Microglial cells are the primary immunocompetent cells in the brain. They are the first responsive element to any kind of brain damage or injury. Microglia are critically involved, for example, in neurodegenerative diseases and stroke. So far, microglial cells have been studied in vitro, i.e. outside the living organism. As a result, key aspects of microglia function have remained elusive such as their behavior in the intact brain or their immediate response to brain injury.
Now a German team of researchers from two Max Planck Institutes in Heidelberg and Goettingen (Germany) report a breakthrough in the study of microglial cells in vivo. They uncovered the behaviour of microglial cells in the intact brain by making use of two key technologies: two-photon microscopy and a transgenic mouse model. While mice employed in their experiments were genetically modified to produce a green fluorescent protein (GFP), infrared laser light was used to excite GFPs and thus to visualize stained cells in the micoscope via detection of emitted fluorescent light - even through the intact mouse skullcap. Their findings appear in this weeks online edition of Science (Epub ahead of print).
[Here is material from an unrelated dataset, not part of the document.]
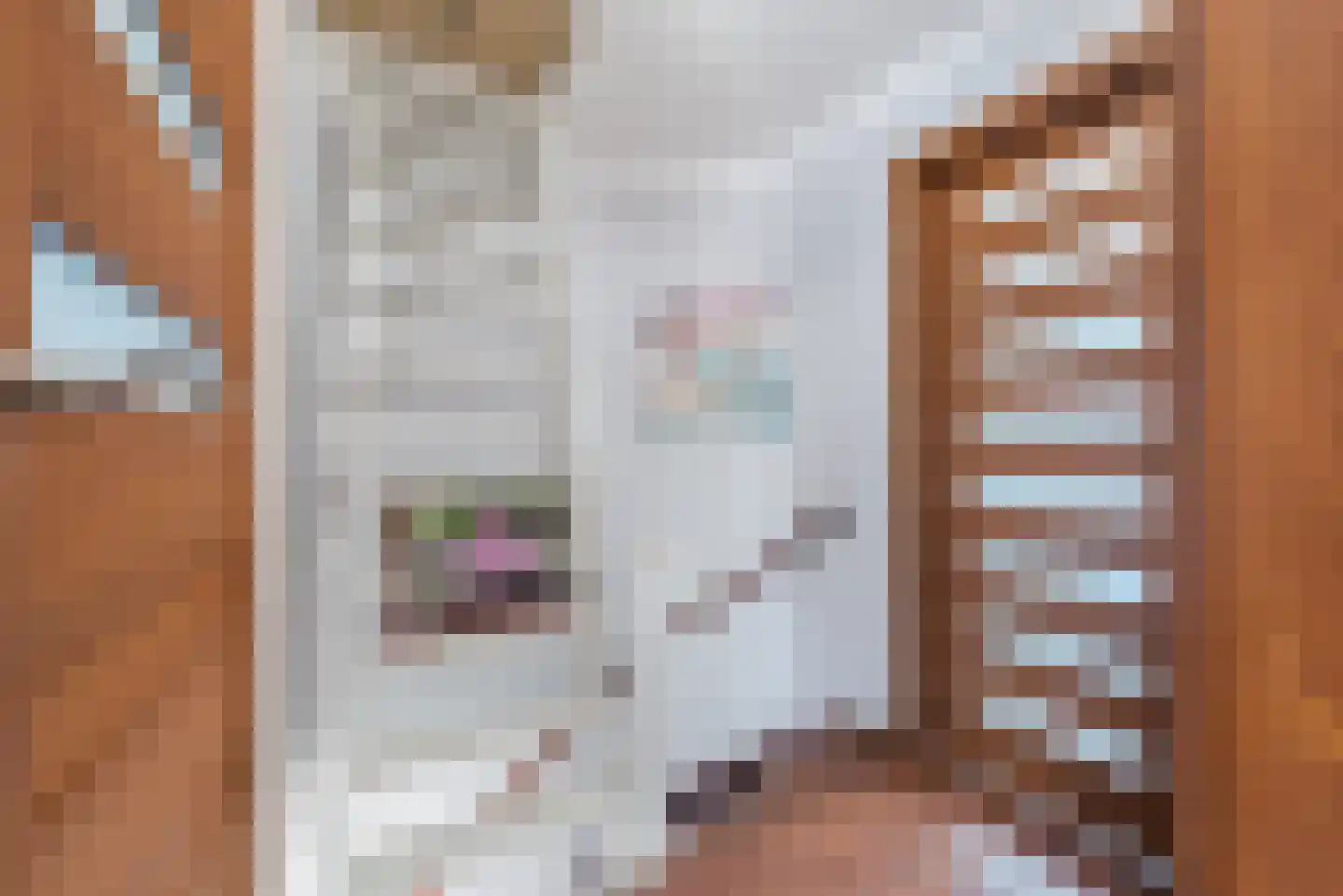 Anthony van Opbergenstraat 6 Eindhoven thumbnail 27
In their paper, Axel Nimmerjahn and fellow authors Frank Kirchhoff and Fritjof Helmchen provide a detailed description of microglia behavior in the normal brain and in response to cerebral hemorrhage. In the normal brain, the researchers found that fine processes of so called "resting" microglial cells are not at rest at all. Rather, they constantly sampled their microenvironment with highly motile processes and protrusions. In doing so, they continually interacted with neurons and other cells in the brain. "This persistent interaction seems to be particularly important in maintaining regular brain function" says Frank Kirchhoff.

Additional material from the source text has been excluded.